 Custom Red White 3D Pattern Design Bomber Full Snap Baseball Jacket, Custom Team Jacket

...

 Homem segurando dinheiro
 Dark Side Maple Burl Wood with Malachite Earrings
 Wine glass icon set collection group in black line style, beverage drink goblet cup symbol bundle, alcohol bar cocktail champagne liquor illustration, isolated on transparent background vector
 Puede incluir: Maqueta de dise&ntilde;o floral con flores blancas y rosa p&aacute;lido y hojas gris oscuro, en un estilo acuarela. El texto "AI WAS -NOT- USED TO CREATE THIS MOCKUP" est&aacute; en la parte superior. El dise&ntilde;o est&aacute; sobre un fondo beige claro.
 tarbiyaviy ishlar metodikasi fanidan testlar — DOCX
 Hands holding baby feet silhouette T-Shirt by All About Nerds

...

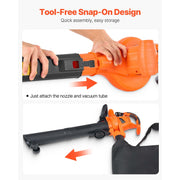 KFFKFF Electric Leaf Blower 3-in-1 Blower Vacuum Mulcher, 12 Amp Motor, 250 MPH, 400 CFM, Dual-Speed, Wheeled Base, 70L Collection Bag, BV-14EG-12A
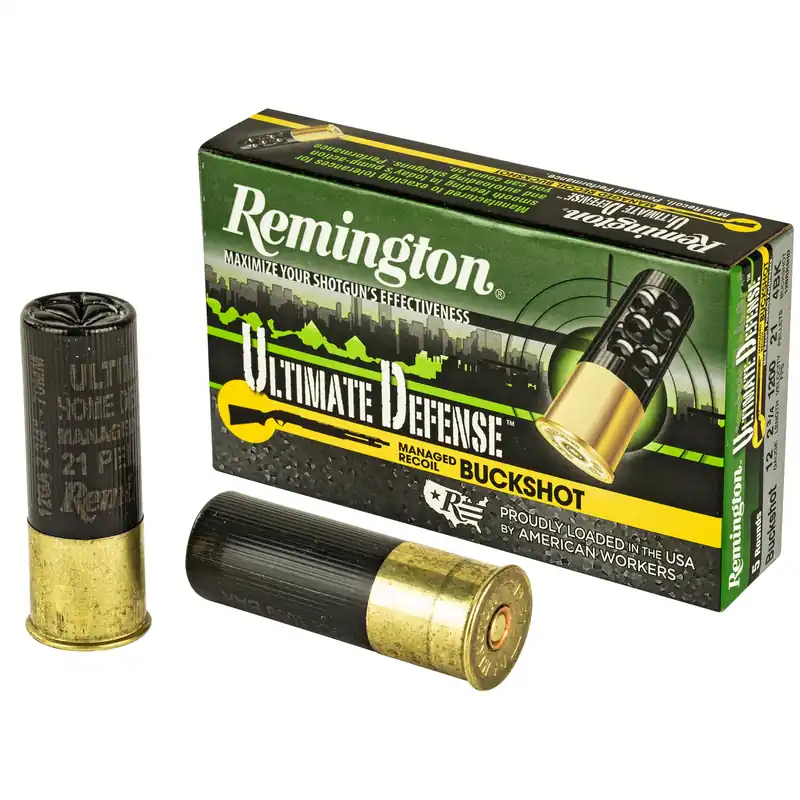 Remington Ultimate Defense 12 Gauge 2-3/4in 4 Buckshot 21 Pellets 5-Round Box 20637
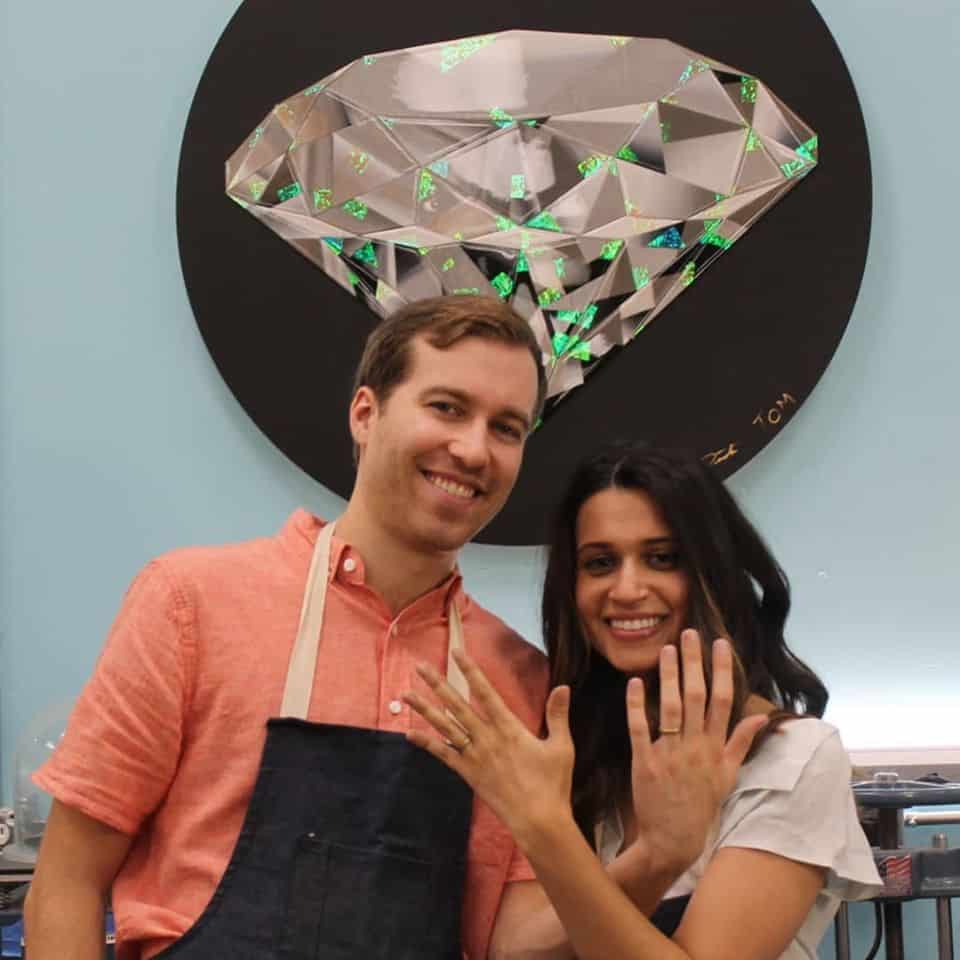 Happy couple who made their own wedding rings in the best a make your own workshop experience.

### Problem statement
From the records above, copy out the line with "Wine glass icon", the line with "Hands holding baby", and every line between them, word for word.

### Solved problem
 Wine glass icon set collection group in black line style, beverage drink goblet cup symbol bundle, alcohol bar cocktail champagne liquor illustration, isolated on transparent background vector
 Puede incluir: Maqueta de dise&ntilde;o floral con flores blancas y rosa p&aacute;lido y hojas gris oscuro, en un estilo acuarela. El texto "AI WAS -NOT- USED TO CREATE THIS MOCKUP" est&aacute; en la parte superior. El dise&ntilde;o est&aacute; sobre un fondo beige claro.
 tarbiyaviy ishlar metodikasi fanidan testlar — DOCX
 Hands holding baby feet silhouette T-Shirt by All About Nerds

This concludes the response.